Sreejata Chatterjee had migrated from Kolkata, India, to Canada at the age of 18. Today, she is director of product at a tech company and the co-founder of a successful start-up that has since been acquired. She shares a beautiful home and lively dog with her partner, who works in finance, and reports happily that they play an equal part in maintaining their domestic life.
“I love to cook and I love cars so anything car-related is my job. My partner takes care of all cleaning, and everything related to the outdoors like snowploughing, mowing the lawn and any plumbing and repairs. I’d say I’m happy with that division,” she laughs. “Equality does not mean that both of us have to do the exact same thing, but that we equally distribute tasks and planning,” she shares. “The planning piece is key—although I have seen many families distribute tasks, the woman is always the manager. This is a huge unseen mental burden. Managers get paid more at work and there’s a reason for that.”
Growing up, Chatterjee saw her mother take on all the domestic work at home. “My mother has a master’s degree in biochemistry and is one of the smartest people I know.

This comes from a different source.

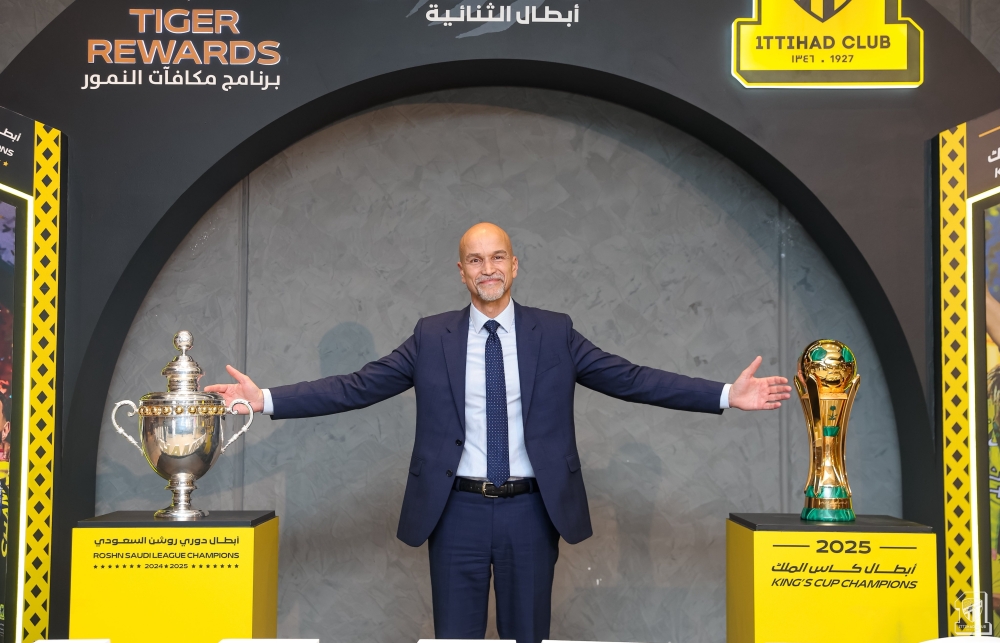 القنصل الفرنسي يزور نادي الاتحاد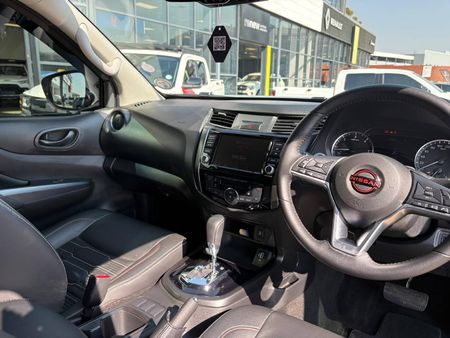 2025-Nissan-Navara-25-DDTi-PRO-2X-Auto-Double-Cab_10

She knew she was signing up to be a homemaker when she got married and there’s nothing wrong with that. But the work she did was not valued. Only when things went wrong would anyone notice her role. My dad retired early. Even when he was not working, he didn’t help with any domestic tasks. It wasn’t expected that he would.”
The delicious scent of onions caramelising in an Indian spice mix makes its way into the living room, and I can see Chatterjee’s partner pottering around in the kitchen. I ask what’s for dinner and she replies sleepily: “I’m not sure, but I’m sure he’ll figure out something good.”
*Lina’s name has been altered for privacy.